Background

Malaria, a parasitic infection transmitted by the female Anopheles mosquito, kills an estimated three people every 4 minutes [1]. Effective interventions, particularly those aimed at killing mosquitoes, or preventing biting, have significantly reduced malaria deaths [2]. Core vector control interventions, namely insecticide-treated nets (ITNs) and indoor residual spraying, are estimated to have contributed three-quarters of the reduction observed since 2000 [2]. Despite these gains, progress has plateaued in recent years and current approaches are unlikely to achieve 2030 global targets [3]. Persistent challenges, including below-target coverage and use of core interventions and widespread insecticide resistance, threaten fragile gains [1]. While new tools provide cause for optimism, achieving and sustaining malaria elimination will require greater understanding of a critical and often overlooked factor—human behaviour. This article highlights opportunities to optimize the effectiveness of core vector control tools, identify gaps in protection, ensure complementary interventions meet end-user needs, and enhance structural resilience against rebounds in malaria transmission (Box 1).

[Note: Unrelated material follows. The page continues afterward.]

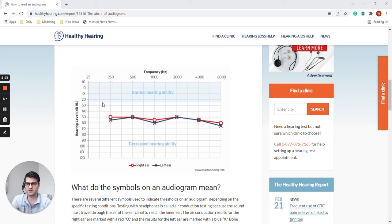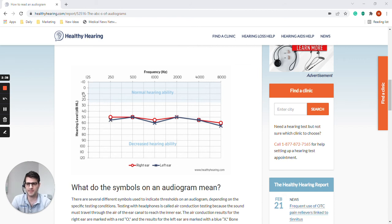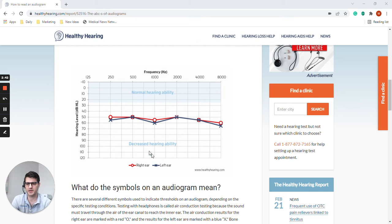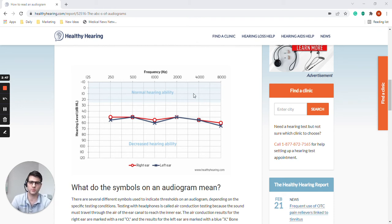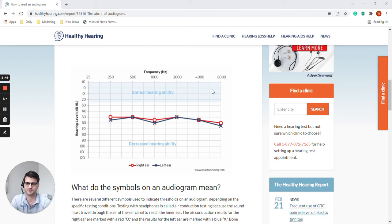As you can see here, there's a shaded region at the top that's marked out that says normal hearing ability, and below this line it's called decreased hearing ability. This would be considered normal hearing. If these results were plotted up here, this person would have had what we would call normal hearing.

Optimize core vector control tools

Today, insecticide-treated nets (ITNs) and indoor residual spraying (IRS) are the core vector control tools recommended by the World Health Organization (WHO) for wide-scale implementation against malaria [4]. Sustaining high levels of access, ensuring consistent use, and maximizing duration of effectiveness can increase impact, but are strongly dependent on the behaviours of individuals, households, and communities.

ITN distribution through mass and continuous distribution channels has led to a significant increase in access, however achieving and sustaining target-levels remains challenging [1]. Population access depends, in part, on people’s willingness to seek out ITNs at distribution points during mass campaigns, or through schools, health facilities, community leaders, or commercial sector channels. Effective social and behaviour change (SBC) approaches ensure that people know when and where to access ITNs and are able and willing to seek them out.

The protection provided by ITNs depends on consistent use, underscoring the importance of addressing barriers to use in settings, and among groups, with below-target levels. While reported use the previous night is generally high among those with access, ITN use is a complex behaviour that can vary by time of night, season, and over time [5]. A more holistic understanding of ITN use practices can inform effective SBC to increase ITN use and usability. This may also include development of innovative net designs and materials that expand the range of scenarios in which use is acceptable and feasible [6, 7].

Beyond access and use, people play an important role in determining how long ITNs remain effective and when and how they are discarded [8]. Different use patterns can contribute to ITN wear and tear, impacting longevity, and consequently cost effectiveness [8]. SBC can increase effective care practices, namely tying nets up when not in use and careful tucking and untucking, to extend longevity [9]. For both use and care which require daily action, habit formation can be encouraged through nudges and cues to action. Engaging youth through school programmes, and caretakers of young children through antenatal and immunization clinic visits, can likewise build life-long habits and an expanded net use culture.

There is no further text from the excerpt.